■ Activity: Exactly reproduce the line containing "Cum sa transformi" and all later lines to the end of the entries, leaving the pictures out of your copy.

■ Dataset entries:
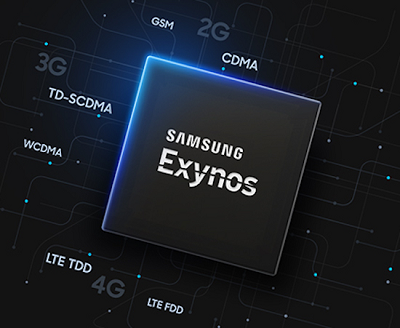 Chipset Exynos 7884 trên điện thoại Samsung Galaxy A10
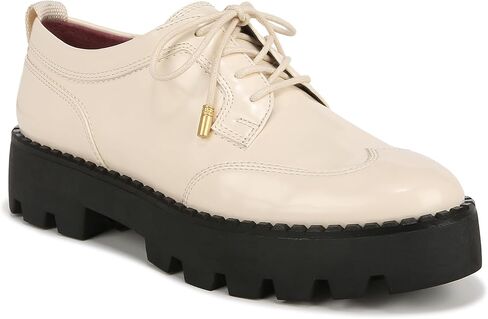 Franco Sarto Women's Balin Oxford Lace Up Loafers in Saudi Arabia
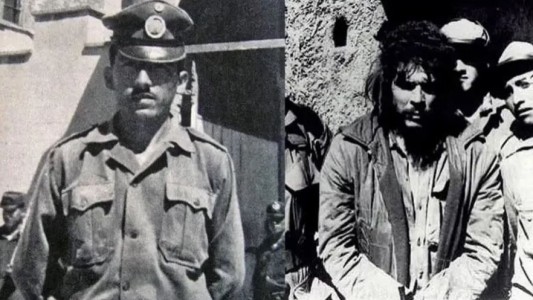 El militar que mató al "Che" Guevara murió a los 80 años en Bolivia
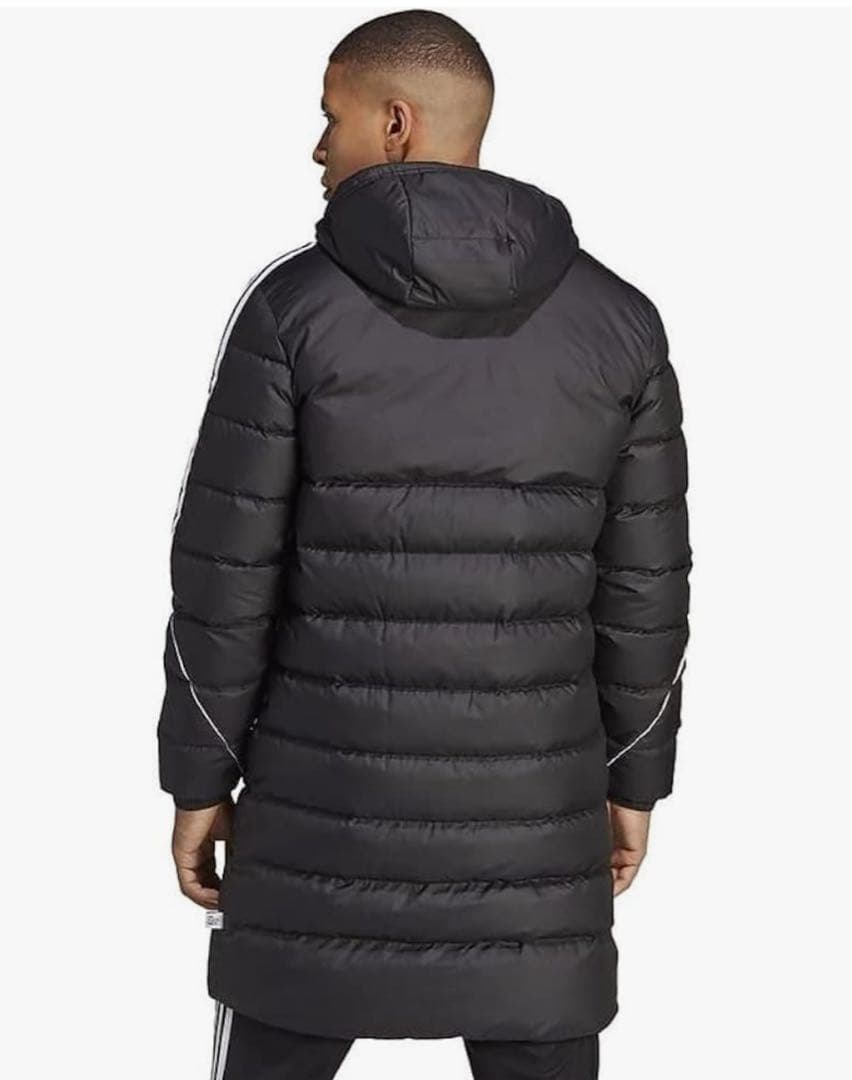 アディダス　ベンチコート　ダウンコート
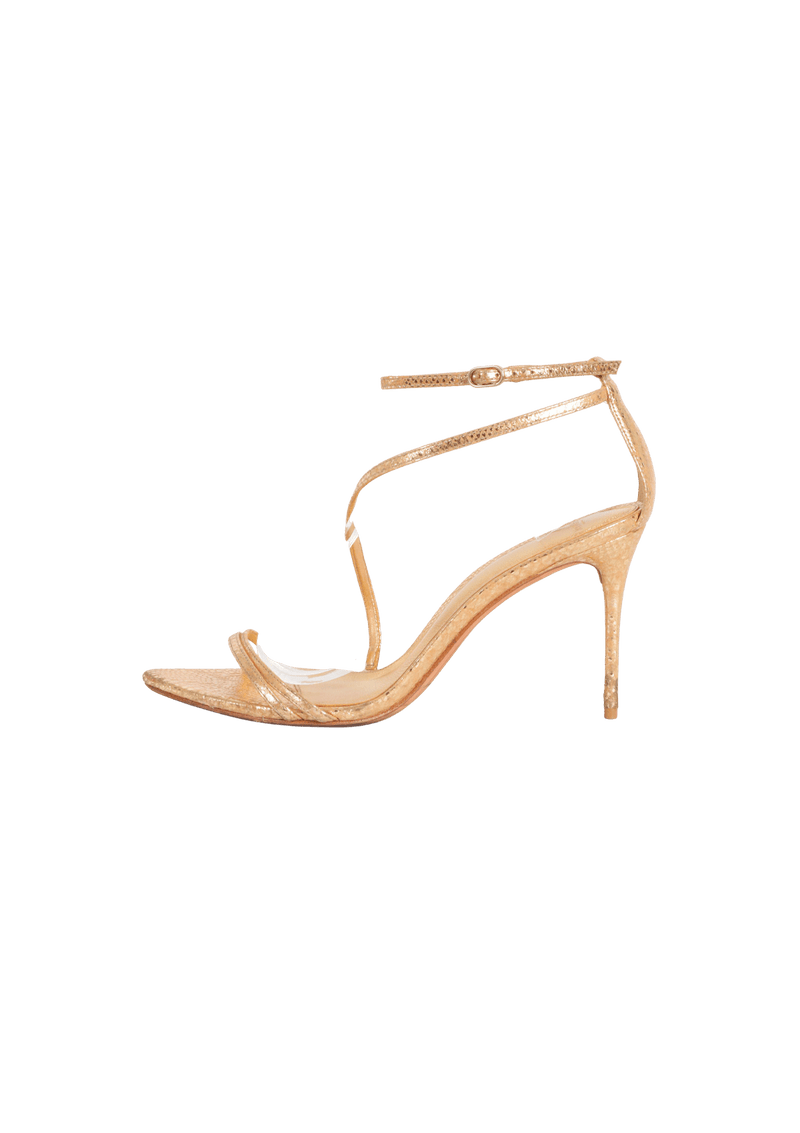 DEMI SANDALS 36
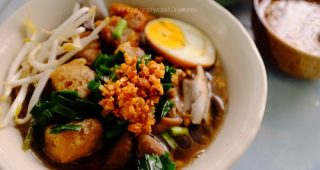 สูตรเด็ด!! ก๋วยจั๊บ สูตรโบราณนครปฐม
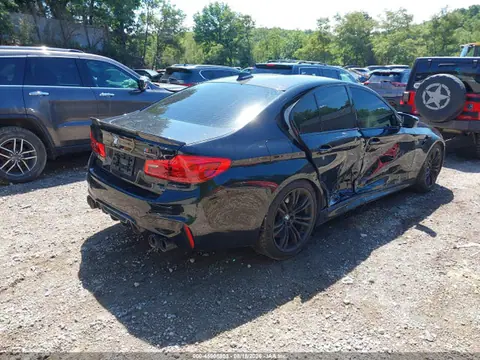 2019 BMW M5 Competition VIN WBSJF0C54KB285764 фото 4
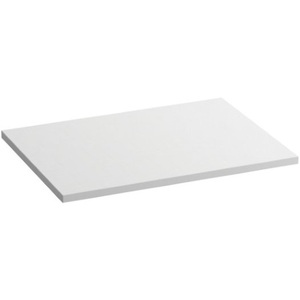 K5437-S33 Solid/Expressions Vanity Top Bathroom Vanity - White Expressions K5437-S33 Solid/Expressions Vanity Top Bathroom Vanity - White Expressions
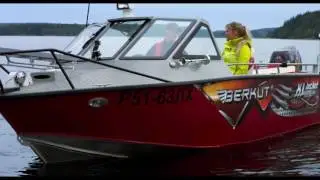 Моторная лодка Berkut  XL-JACKET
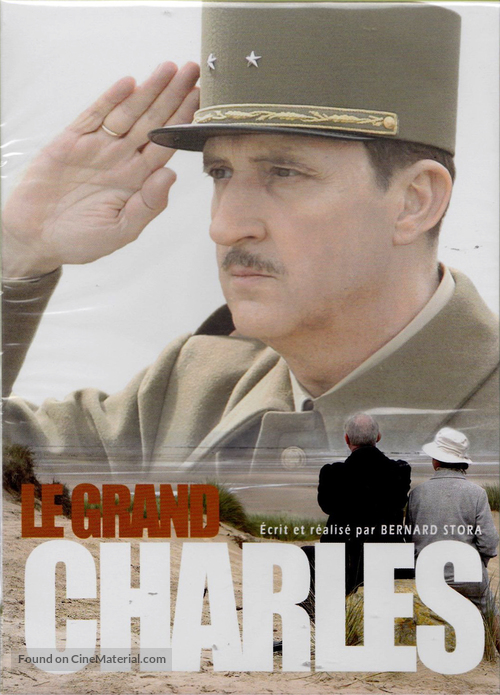 &quot;Le grand Charles&quot; - Canadian Movie Cover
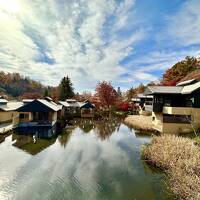 星のや軽井沢で過ごす紅葉の軽井沢②～旧軽井沢へサイクリング＆発地市庭でお買い物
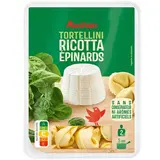 Auchan Tortellini Ricotta Epinards, 300g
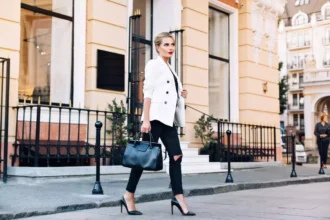 Cum sa transformi o tinuta casual intr-o tinuta eleganta cu ajutorul pantofilor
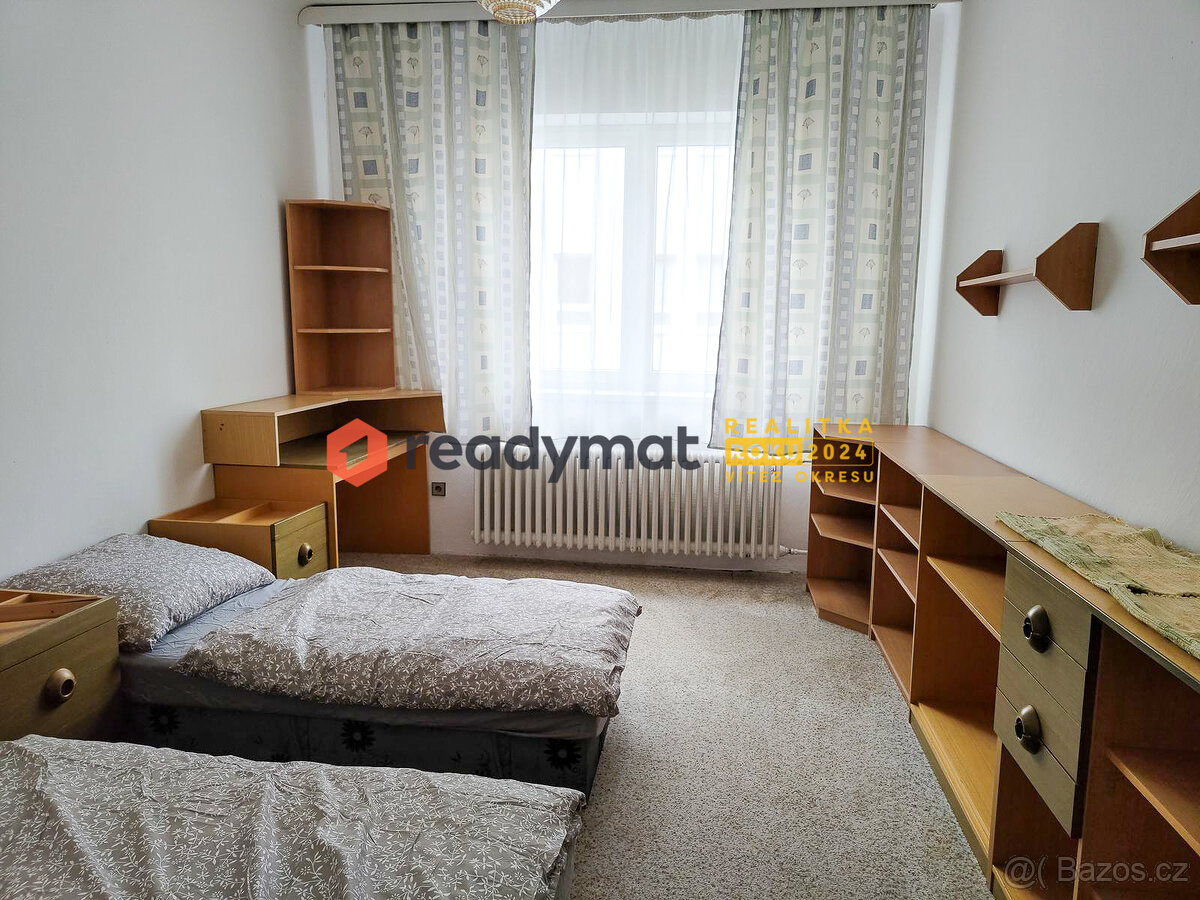 Pronájem bytu 4+1, 130 m2, centrum, Hodonín - 7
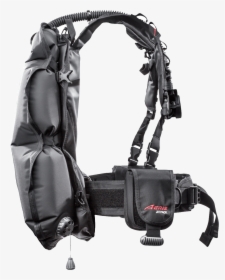 The Jetpack Is Ruggedly Constructed From High Quality - Jetpack From The Side, HD Png Download, Transparent PNG
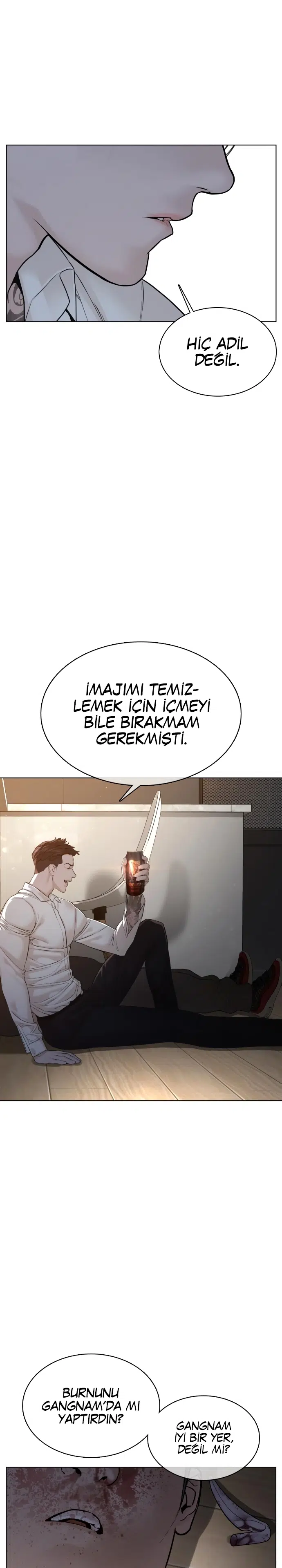 Nasıl Dövüşürsün? - Bölüm 90 Sayfa 22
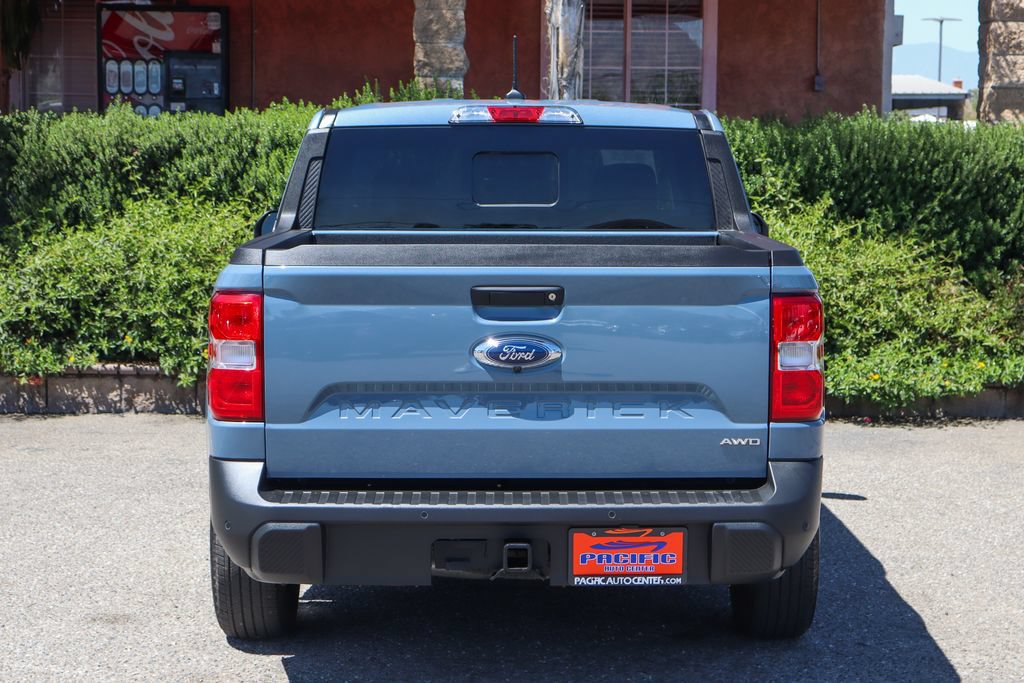 Used 2024 Ford Maverick Lariat AWD/4WD image 7
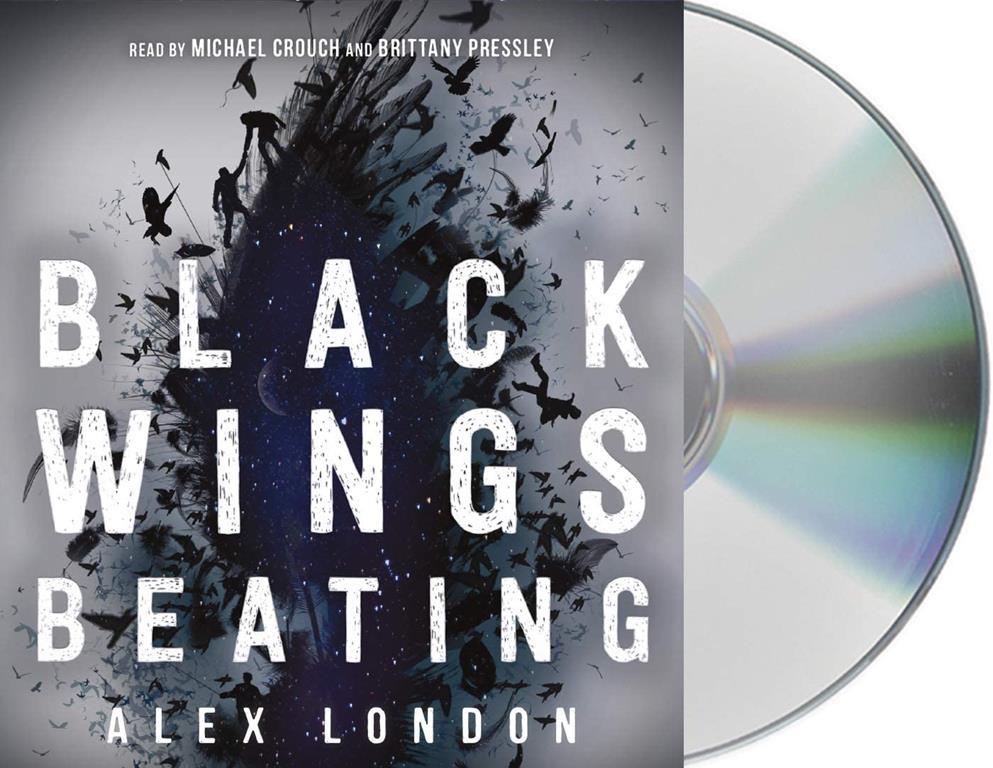 Black Wings Beating (The Skybound Saga)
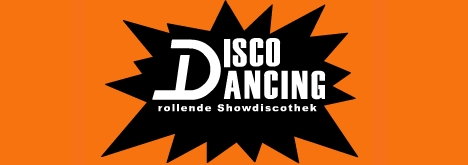 DiscoDancing - Die rollende ShowDiscothek, u.A. mit DJ Mr. B in Koppelheck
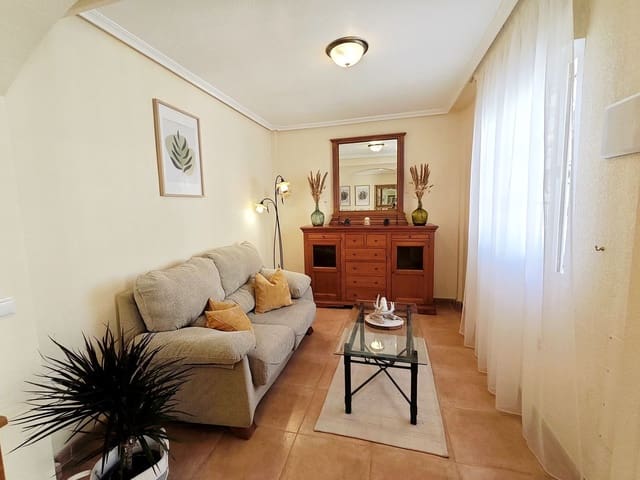 2 sypialnia Dom na sprzedaż w Los Balcones - Los Altos, Orihuela z basenem garażem - 190 000 € (Ref: 9813631)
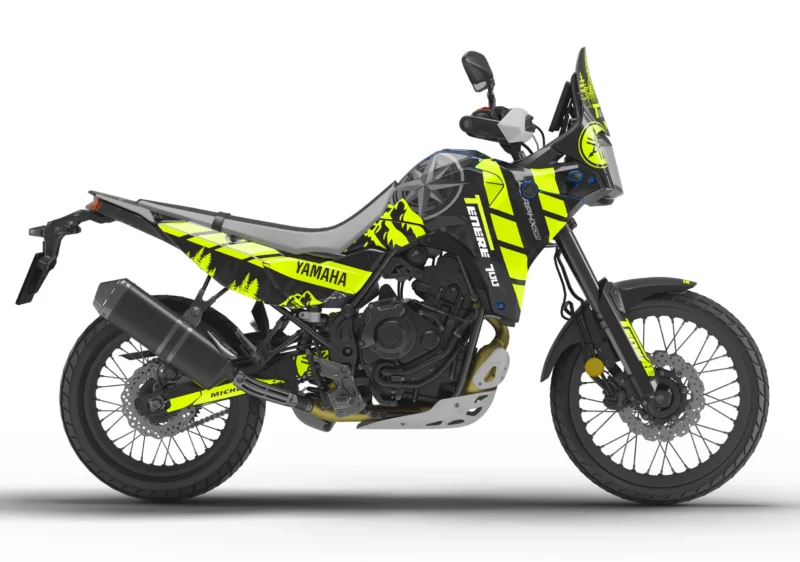 TENERE03 - Full Graphic Kit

■ Answer space:
 Cum sa transformi o tinuta casual intr-o tinuta eleganta cu ajutorul pantofilor
 Pronájem bytu 4+1, 130 m2, centrum, Hodonín - 7
 The Jetpack Is Ruggedly Constructed From High Quality - Jetpack From The Side, HD Png Download, Transparent PNG
 Nasıl Dövüşürsün? - Bölüm 90 Sayfa 22
 Used 2024 Ford Maverick Lariat AWD/4WD image 7
 Black Wings Beating (The Skybound Saga)
 DiscoDancing - Die rollende ShowDiscothek, u.A. mit DJ Mr. B in Koppelheck
 2 sypialnia Dom na sprzedaż w Los Balcones - Los Altos, Orihuela z basenem garażem - 190 000 € (Ref: 9813631)
 TENERE03 - Full Graphic Kit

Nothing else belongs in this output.